The prevalence of CNS bleeding in hemophiliacs has been described to be between 2.4 to 12%[7],[20],[21],[22],[23],[24],[25],[26],[27] 27. PNS complications range from 4.7 to 19%[6],[7],[8],[28],[29]. In our study, the prevalence was 6.7% for both CNS and PNS diseases.
Intracranial bleeding is the most common neurological disorder in hemophiliacs reported in the literature. Intracerebral hemorrhage and subdural hematoma were the most common subtypes[7],[21],[22],[23],[24],[25],[26],[27]. We also found that those subtypes were the most common in our study. Four of our patients with CNS disorders had a history of head trauma. The majority of the studies reported a positive relationship between head trauma and ICH[7],[21],[22],[24],[25]. Only one patient, who was HIV-positive, had a spontaneous SAH. Two studies showed a relationship between HIV infection and spontaneous hemorrhage[22],[30]. None of our patients died, but three patients had late sequelae, especially epilepsy.
The prevalence of PNS disorders is certainly less studied, but there are some clinical series describing that the femoral is the most commonly affected nerve[6],[7],[8],[28],[29], similar to our study. The other neuropathies diagnosed in our study were ulnar neuropathy due to severe elbow arthropathy and sciatic neuropathy due to HPT in the thigh. A total of 5 patients with 6 neuropathies were diagnosed. Four lesions were related to limb trauma.
Even with 90% of the neurological lesions affecting hemophiliacs with severe disease, we did not find a significant relationship between hemophilia severity and the presence of neurological disease (p=0.1502), probably due to the small sample (type II error). We only found two studies that also did not establish a relationship with hemophilia severity, while another revealed a positive association[15],[23],[26].
None of our cases with central or peripheral nervous system disease were on factor VIII replacement prophylactic therapy at the time of the neurological event. Since prophylaxis was introduced in Brazil in 2011 and all our ICH cases occurred prior to this period, we believe that the prophylactic therapy is associated with a risk reduction of ICH in our center. Recent studies have demonstrated that prophylactic therapy is linked to ICH reduction in hemophiliacs[15],[25],[31].

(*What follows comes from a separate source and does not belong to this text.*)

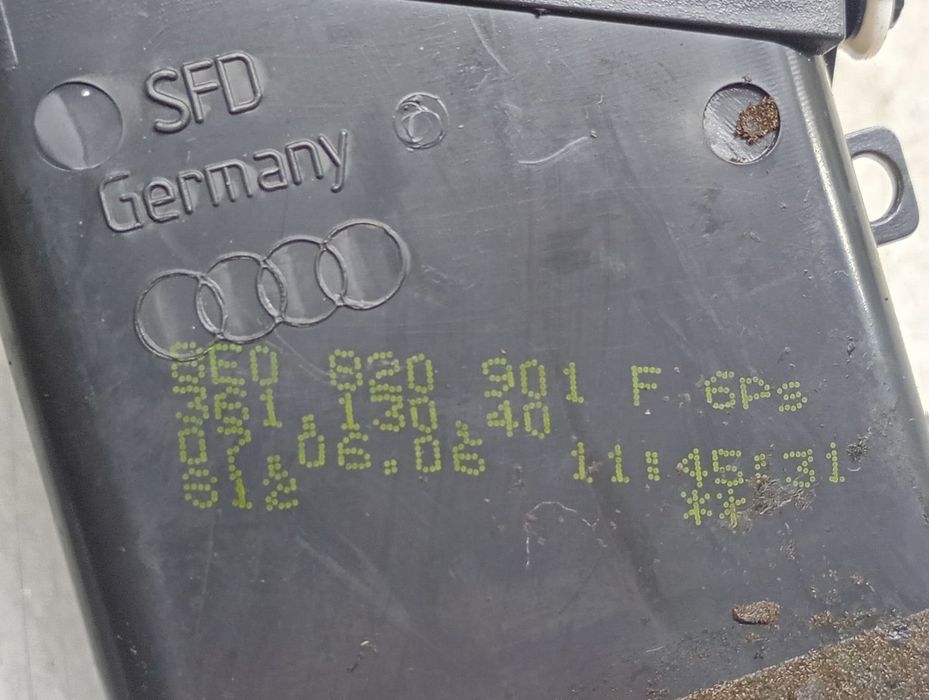Grila ventilatie bord 8E0820901F Audi A4 B7 (2004 - 2008) 2.0 tdi 2.0 tdi BPW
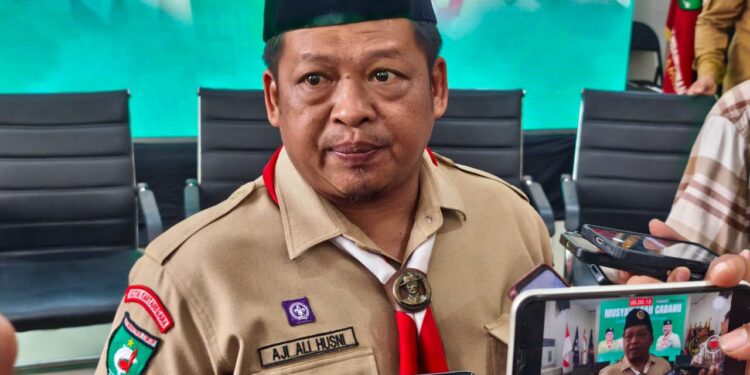 Aji Ali Husni menyampaikan arah pembinaan Pramuka Kukar dalam Muscab 2025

Regarding compressive neuropathies, in our study, 5 events (in 4 patients) occurred after prophylaxis was introduced in 2011. Considering that prophylactic treatment is indicated only for patients with severe hemophilia, from 2011 to 2018, we had 49 severe hemophiliacs eligible for prophylactic treatment. Of these, 29 started prophylaxis and 20 remained in symptomatic therapy (on demand). Among the latter group, five neuropathies occurred up to 2018, while none occurred in the prophylaxis group ([Table 3]). Thus, our findings showed a positive effect of prophylactic therapy (p<0.05, Fisher exact test) in reducing peripheral nerve involvement in hemophiliacs. There are no similar reports in the literature, but only reports of risk reduction of arthropathy and CNS disease.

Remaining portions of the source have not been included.